What Norquist conveniently left out of his example was that 90% of IRS tax code is devoted to the wealthy and their zeal for tax loop holes, and corporations who open a post office box in the Caribbean and call that their 'corporate headquarters' in order to avoid paying U.S. tax as a registered U.S. corporation.



The following is a portion of a transcript of Bill Moyers interviewing Norquist. 

BILL MOYERS: But what about those real people we saw in that film, the woman who needed the health insurance, who needed the health coverage, who was going to have to take $400 out of her $800 a month salary to meet medical costs that she didn't have?  

GROVER NORQUIST: I think you have to look at the total level of what government does to her in terms of the taxes that they impose on...

BILL MOYERS: She's not paying much taxes, though, at $800 a month.

GROVER NORQUIST: And she's got...well, she's paying sales tax in that state, she's paying Social Security taxes in that state.

BILL MOYERS: But aren't all of those taxes sort of the membership dues we pay for living in a cooperative and collaborative society?

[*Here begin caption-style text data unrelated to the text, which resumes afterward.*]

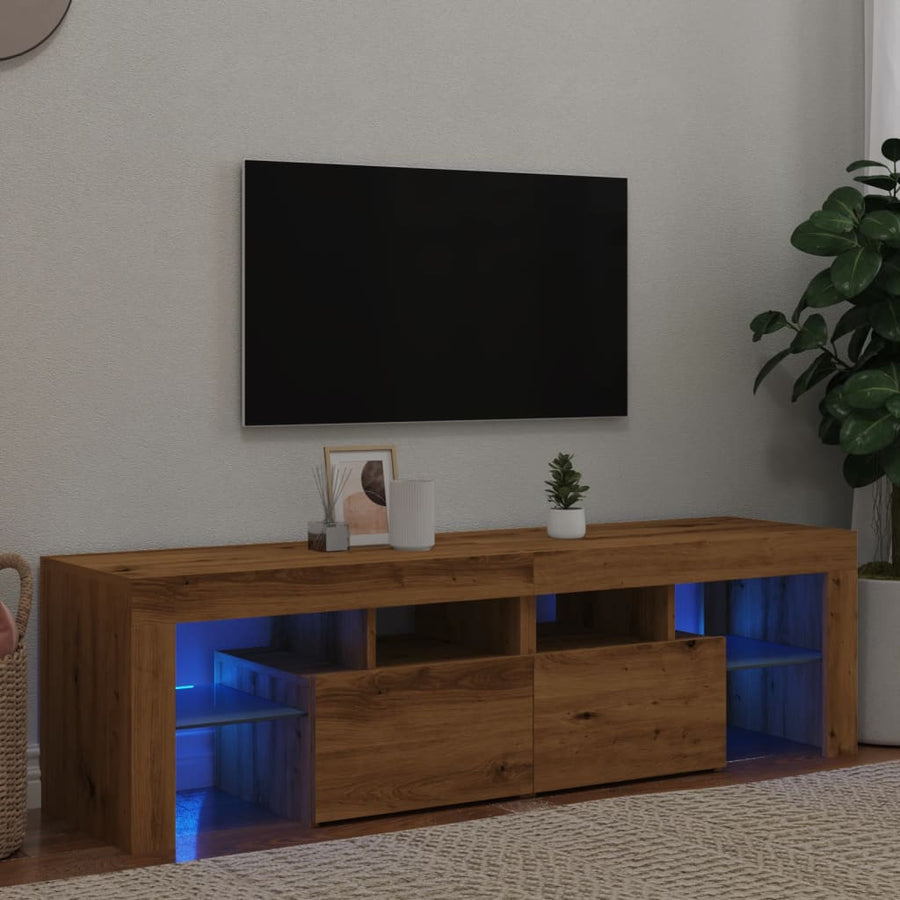 Tv-meubel met LED 140x36,5x40 cm bewerkt hout artisanaal eiken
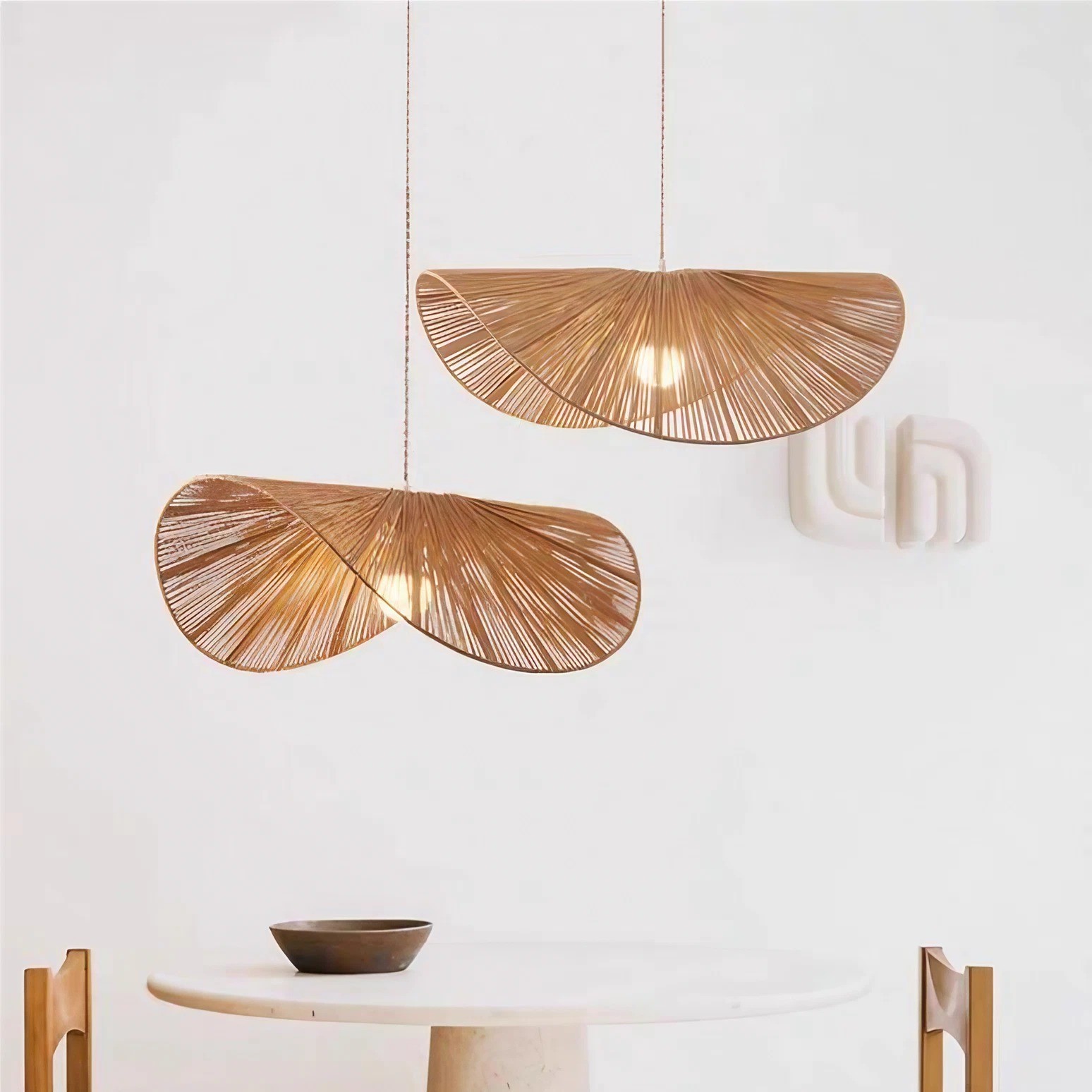 Wabi-Sabi Style Straw Hat Pendant Light For Living Room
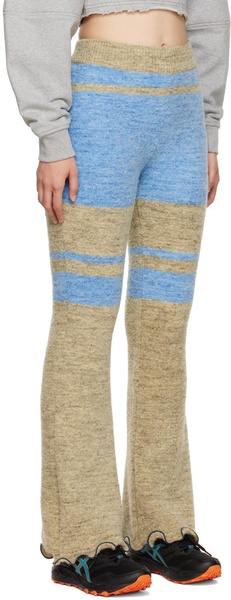 Khaki & Blue Senya Color Block Lounge Pants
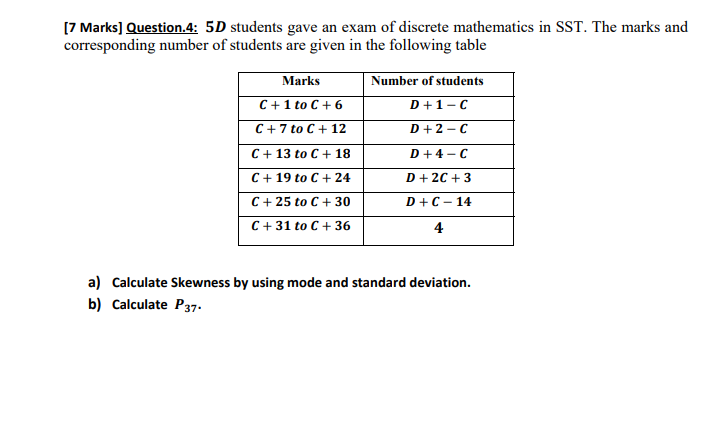 Solved [7 Marks] Question.4: 5D students gave an exam of | Chegg.com
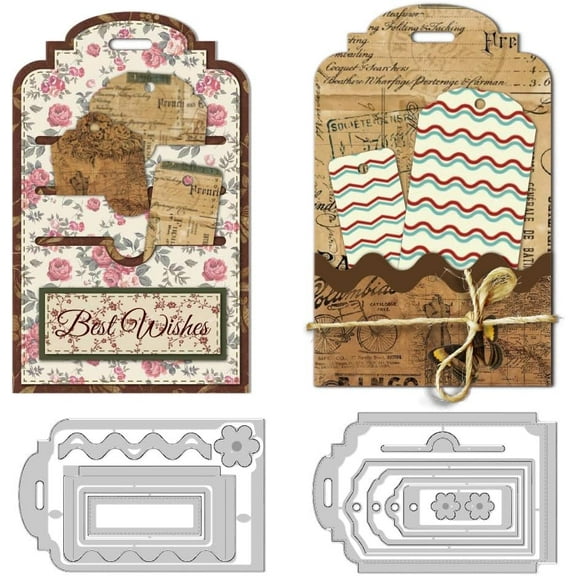 1Set Pocket Cutting Dies Label Frame Card Borders Stitch Die Cut Carbon Steel Die Cuts Stencils Card Scrapbooking Embossing Template Dies for DIY Paper Craft Card Albums Gift Decor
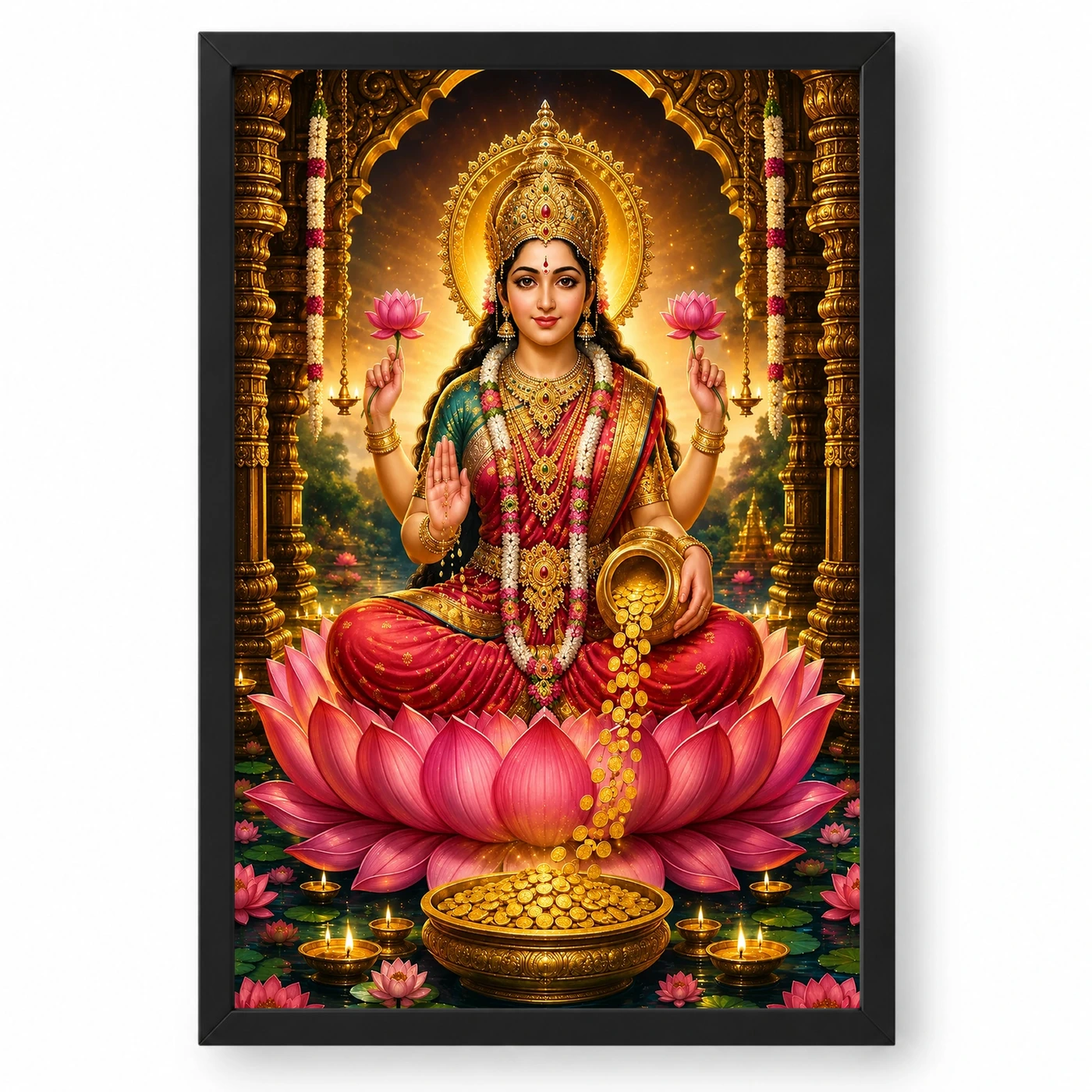 Mahalakshmi Peaceful Home Mandir Composition Photo Frame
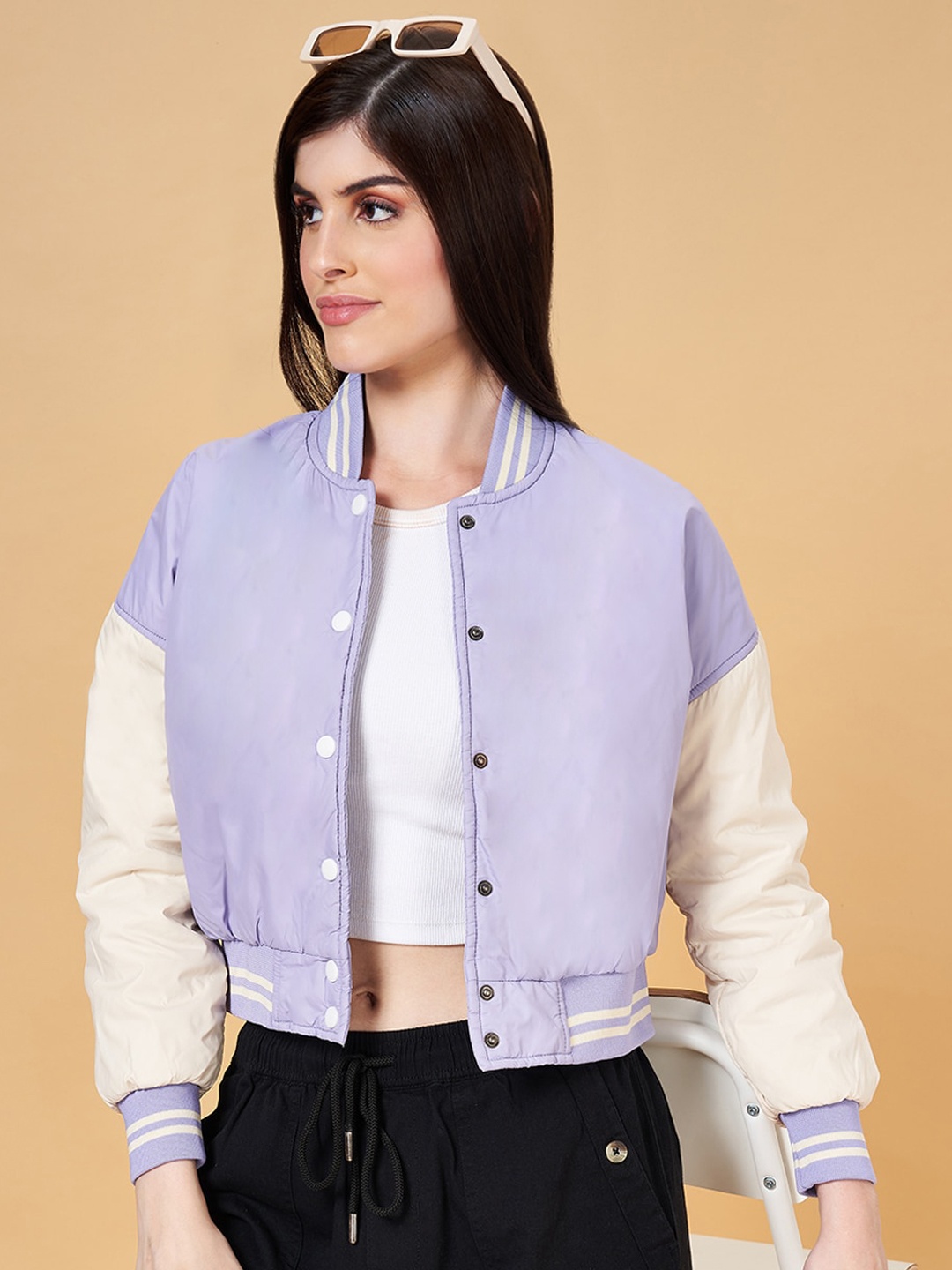 

YU by Pantaloons Colorblocked Crop Bomber Jacket, Purple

GROVER NORQUIST: Well, first we have to decide what we want the government to do. What is it legitimate to require with force people to pay for? It is not charity. I mean, guys with guns will show up if you don't pay your taxes and take that money from you. And I think that we want in order to have a free society to have as little as possible done coercively. 

Transcript of Bill Moyers interviewing Norquist


OK then we free this woman of taxes, so that guys with guns won't show up at her door, but then Norquist never stated how this woman will pay her $400 health insurance bill on $800 per month.  When all is said, Norquist says nothing to help grannie though he implies that is his intent.